Aaron Jon Wallace Jr. (born July 8, 1993) is an American former professional football player who was a linebacker in the National Football League (NFL). He played high school football at Rancho Bernardo High School and college football for the UCLA Bruins. His father Aaron Wallace also played in the NFL.

==Professional career==

Pre-draft measurables
| Height | Weight | 40-yard dash | 20-yard shuttle | Vertical jump | Broad jump | Bench press |
| 6 ft 3 in (1.91 m) | 242 lb (110 kg) | 4.44 s | 4.09 s | 36 in (0.91 m) | 10 ft 10 in (3.30 m) | 25 reps |
All values from UCLA's Pro Day

===Tennessee Titans===
Wallace was selected by the Tennessee Titans in the seventh round (222nd overall) of the 2016 NFL draft.

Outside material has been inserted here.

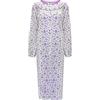i-Smalls Camicia da notte termica da donna, 100% flanella di cotone spazzolato, camicia da notte a maniche lunghe, motivo floreale, camicia da notte da donna, taglie forti da M a 3XL, Blu, 3XL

On May 9, 2016, he signed a four-year contract with the Titans.
During the 2016 season, Wallace appeared in 10 games, tallying 15 tackles and one sack. On September 20, 2017, Wallace was placed on injured reserve with a back injury. On September 18, 2018, Wallace was waived by the Titans.

===Cincinnati Bengals===
On November 20, 2018, Wallace was signed to the practice squad of the Cincinnati Bengals.

===Denver Broncos===
On December 28, 2018, Wallace was signed by the Denver Broncos off the Bengals' practice squad. On August 21, 2019, Wallace was waived/injured by the Broncos and placed on injured reserve. He was released on August 28.